Apesar desses obstáculos, a proposta de economia solidária de Arruda (2003a) busca ultrapassar a visão economicista, subordinando os interesses econômicos aos sociais numa inversão de valores. Para isso, há que se ter mais abrangência e amplitude na proposta de sociabilidade, por meio do desenvolvimento de elementos de natureza cultural e educacional, numa construção socioeconômica de base popular, baseada na pedagogia de Paulo Freire. Preocupa-se com o processo de emancipação do indivíduo e o atendimento as suas necessidades de sobrevivência, e de reprodução ampliada da vida (crescente bem-estar individual, comunitário, social e ambiental). Arruda (2003a) ressalta ainda, a importância da educação, como o mecanismo emancipatório por excelência. Entretanto, essa educação precisa ser imbuída de elementos sensíveis e valores humanísticos, objetivando o despertar de uma maior consciência social e um engajamento em prol do bem comum. Propõe uma mudança profunda iniciada no plano dos valores, num “trabalho cultural para fazer emergir a solidariedade consciente” (p. 234).

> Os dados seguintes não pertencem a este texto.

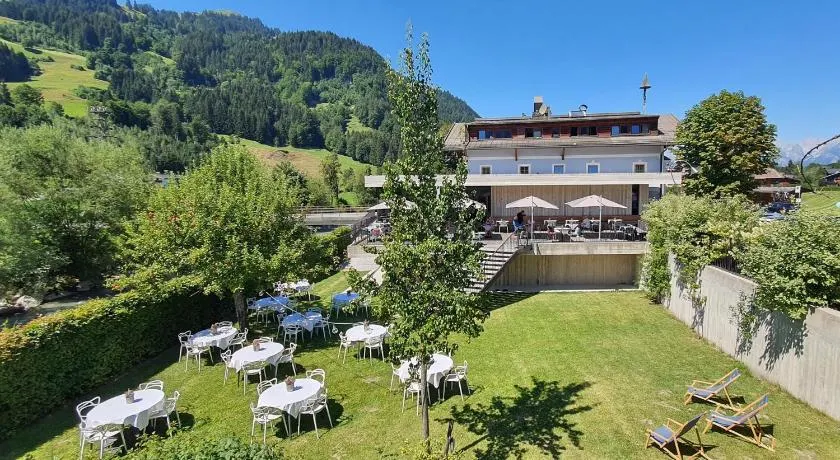 Gasthof Auwirt in Aurach - Image 1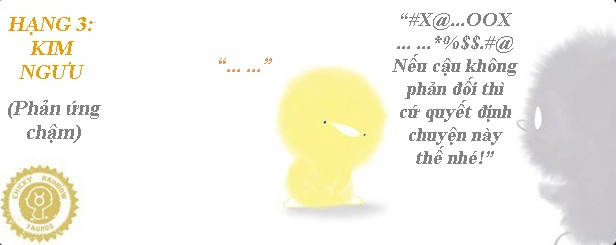 Xep hang 12 cung hoang dao de bi lua nhat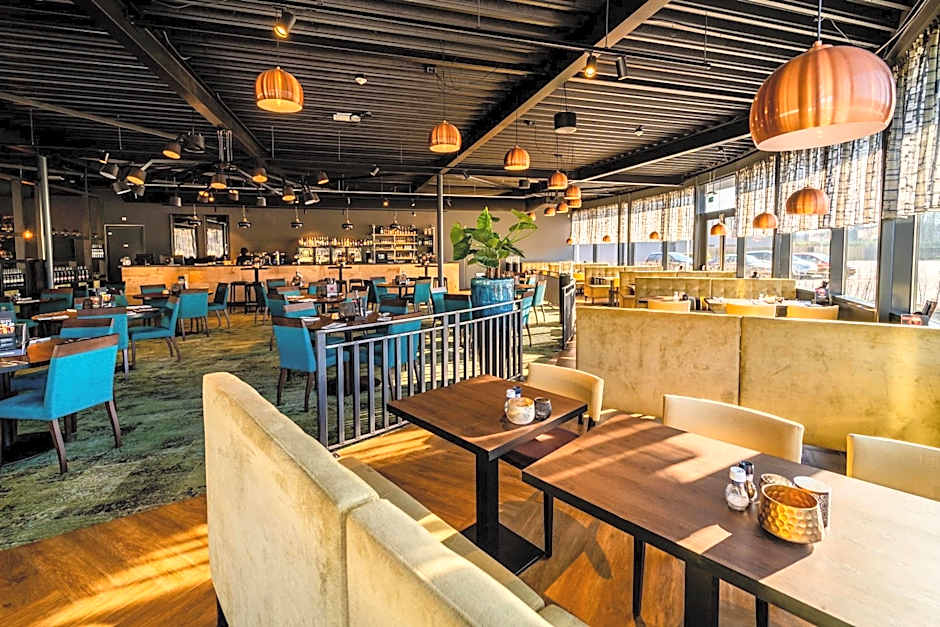 Hotel de Bonte Wever Assen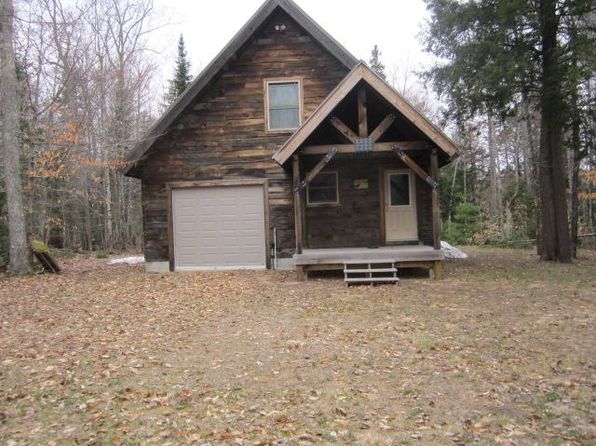 Cabin Michigan Single Family Homes For Sale 721 Homes Zillow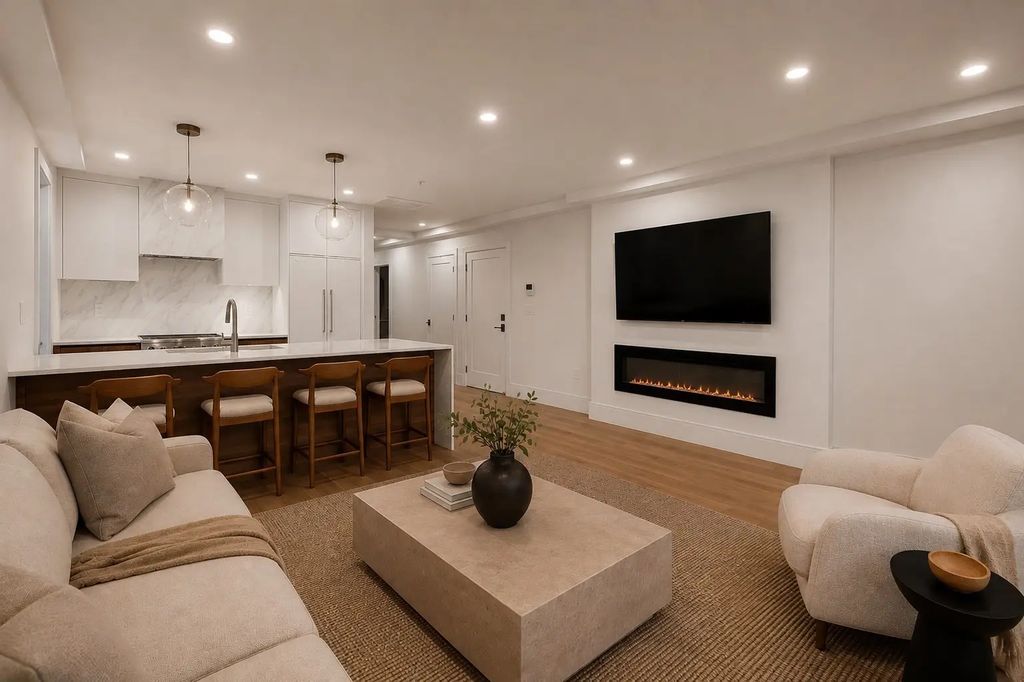 185 E Street #1, Boston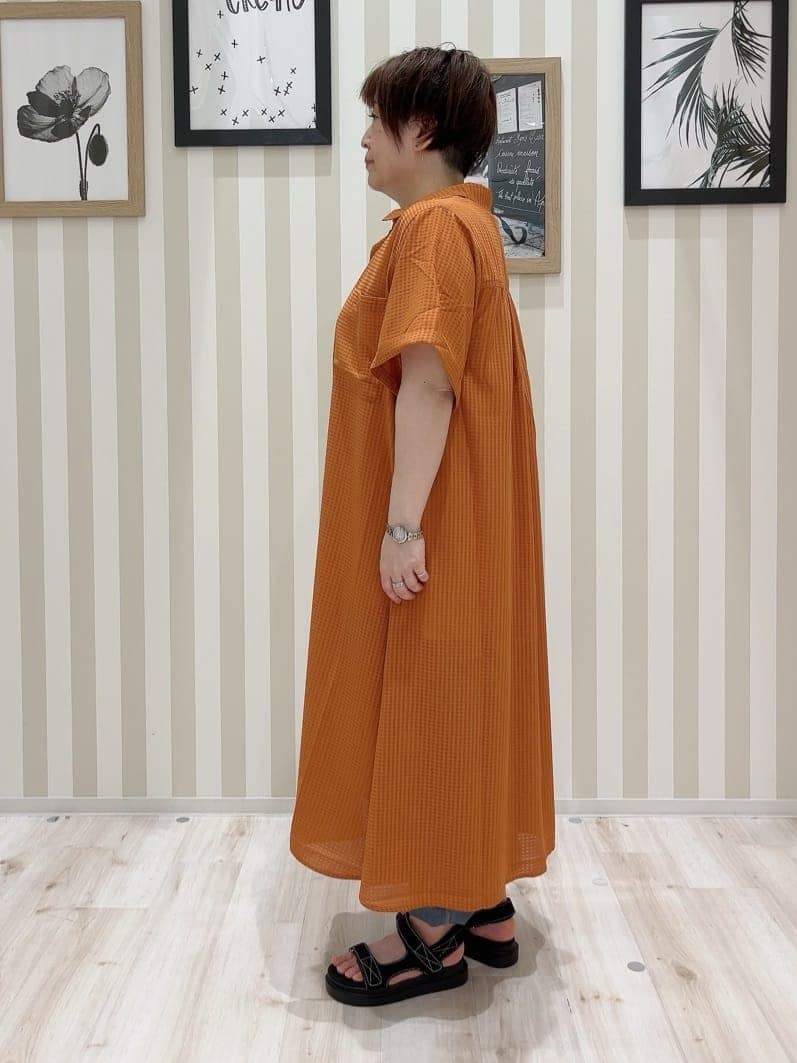 ma_miさんの「SHOO･LA･RUE｜」を使ったコーディネート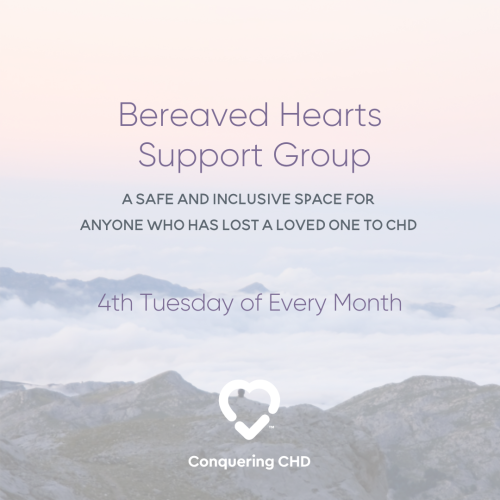 Bereavement Support Group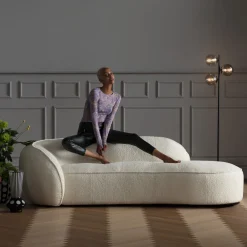 KARE Design Recamiere Wonder 252cm - KARE></noscript> Chaise Longue E Lettini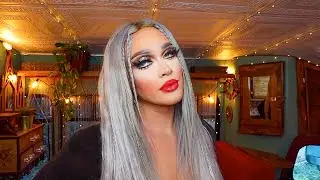 How to Do Drag in the Middle of Nowhere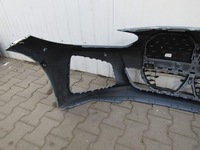 фото thumb №12, Бампер перед передний bmw i4 4 g26 gran coupe m набор 21-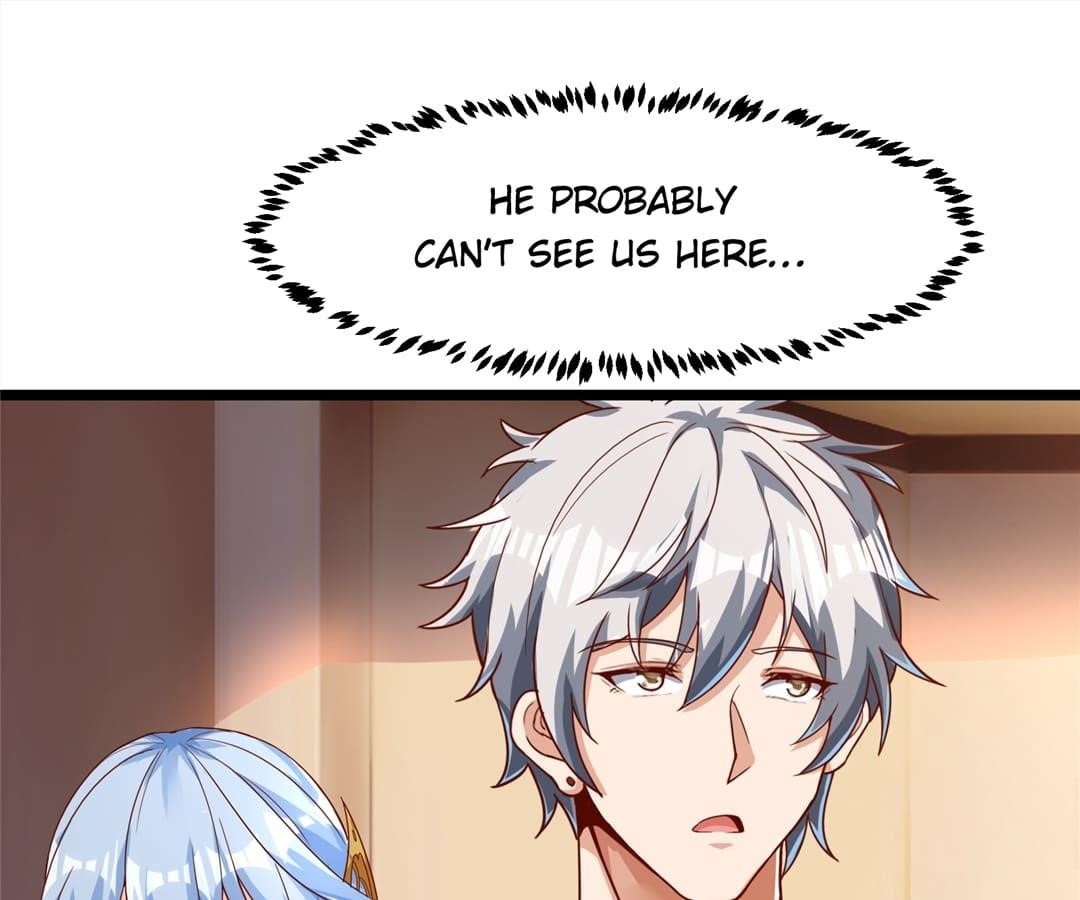 Aura Recovery: I Get a New Skill Everyday Chapter 97 - Page 6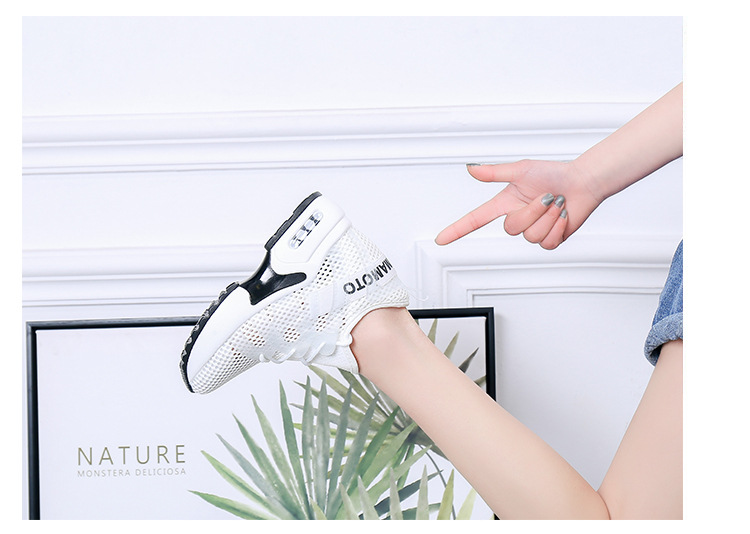 Chaussures été pour femme en Composé - Ref 3346290 Image 19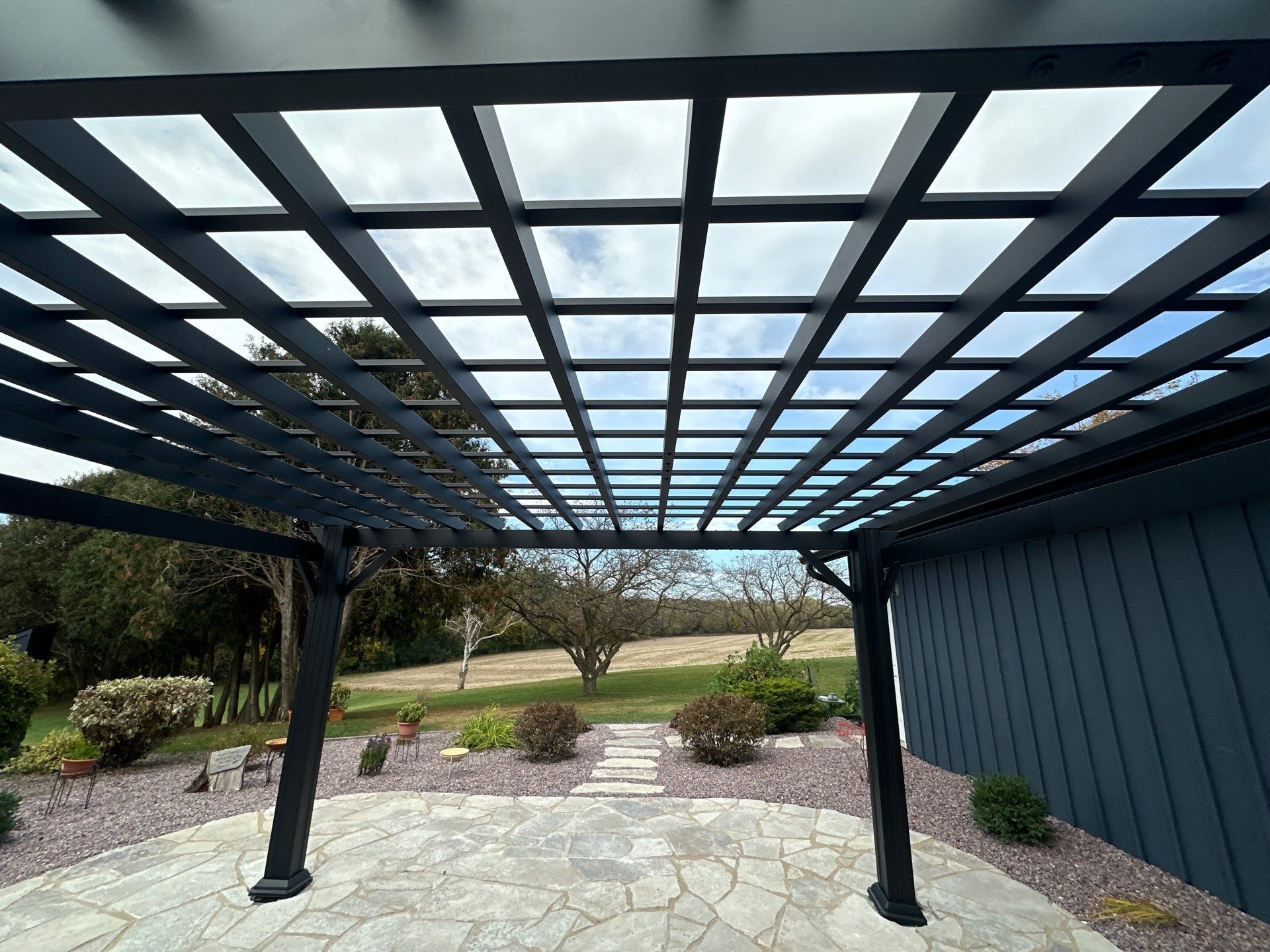 Project in Fond du Lac, WI by Craftsmen Of Integrity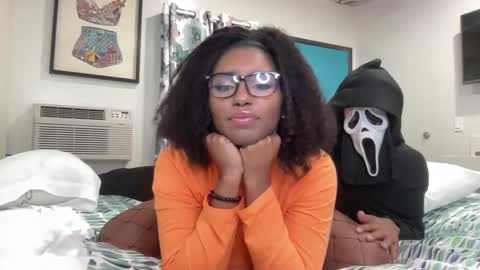 JayBangerz online show from October 16, 5:18 am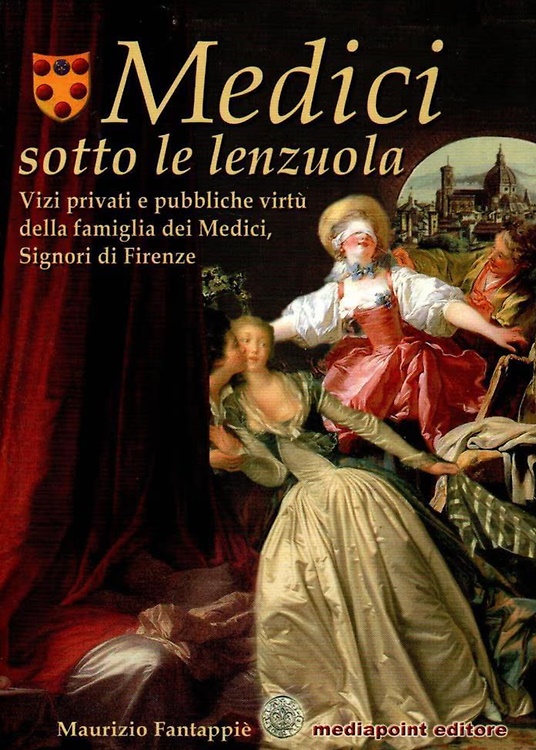 9788897042167-Medici sotto le lenzuola.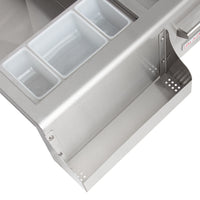 Blaze Grills Beverage Center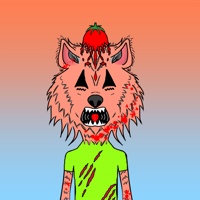 WAX Wolves  04131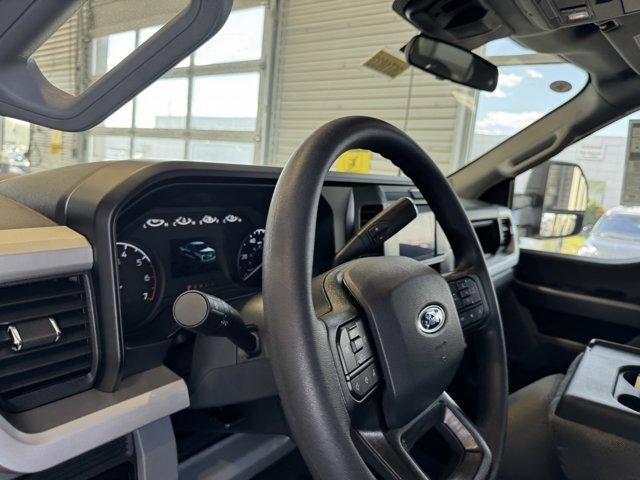 new 2026 Ford F-250 car, priced at $59,746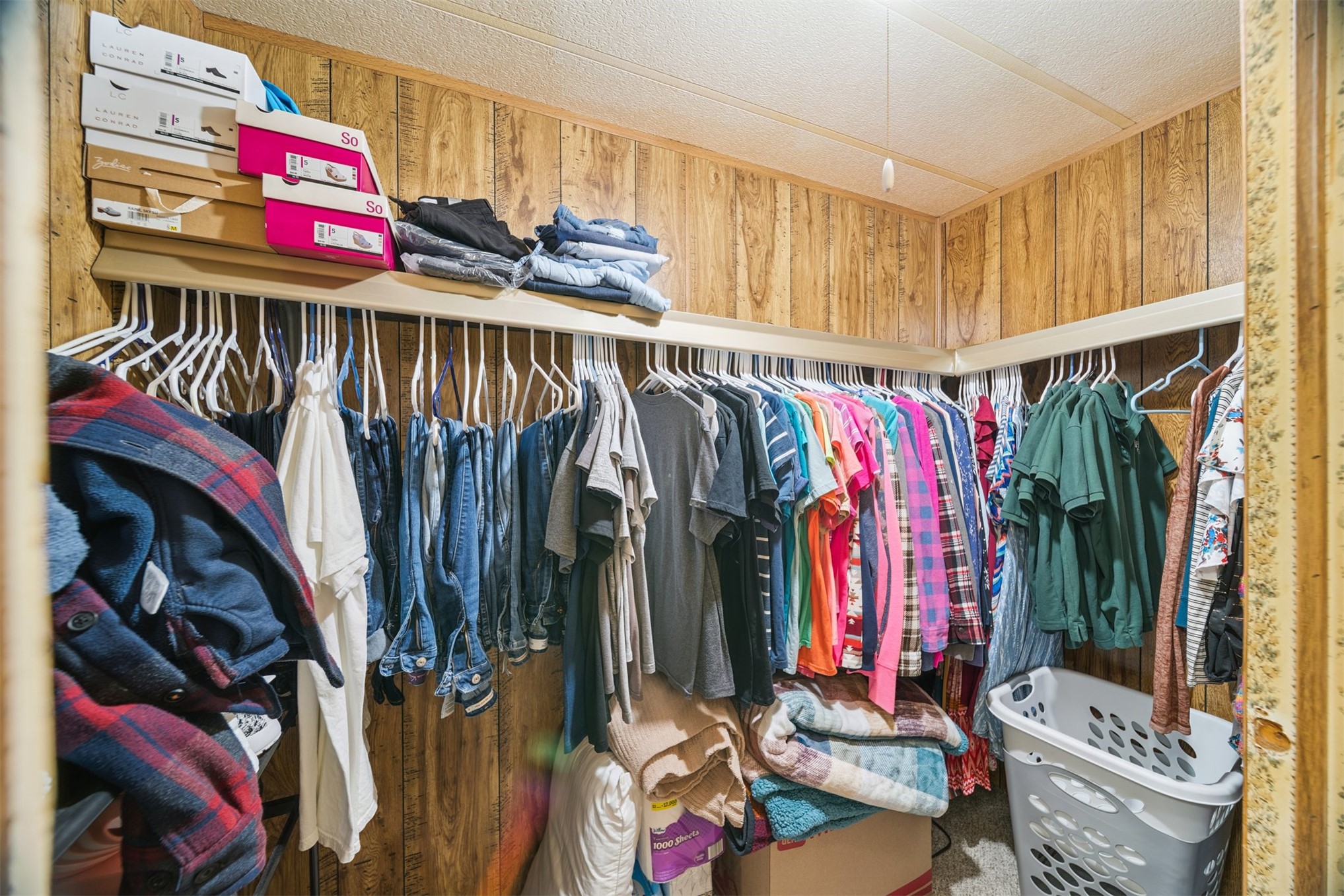 358126 E 5400 Road Jennings OK 74038
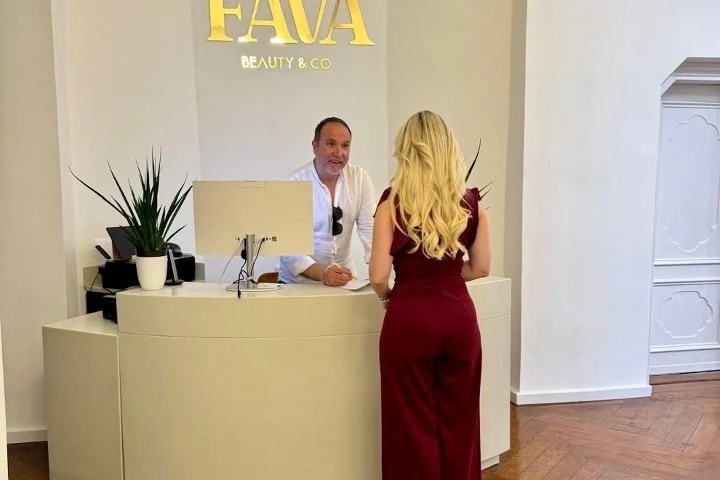 Fava Beauty & Co. – Schwanthalerhöhe, München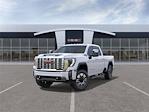 New 2025 GMC Sierra 3500 Denali Crew Cab 4WD Pickup for sale #Q58912 - photo 8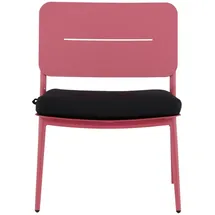 VCM Lina Loungestuhl rosa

Essa proposta demonstra que a economia solidária é muito mais do que uma organização de gestão coletiva, ela apresenta-se como uma proposta de transformação da sociedade, coletivamente, e também no âmbito individual, mas em relação a condições de vida mais dignas e igualitárias. De acordo com essa proposta, a economia solidária precisa ser capaz de criar condições para o desenvolvimento efetivo de cada indivíduo e da sociedade, passando, para isso, por uma melhoria estrutural da qualidade de vida.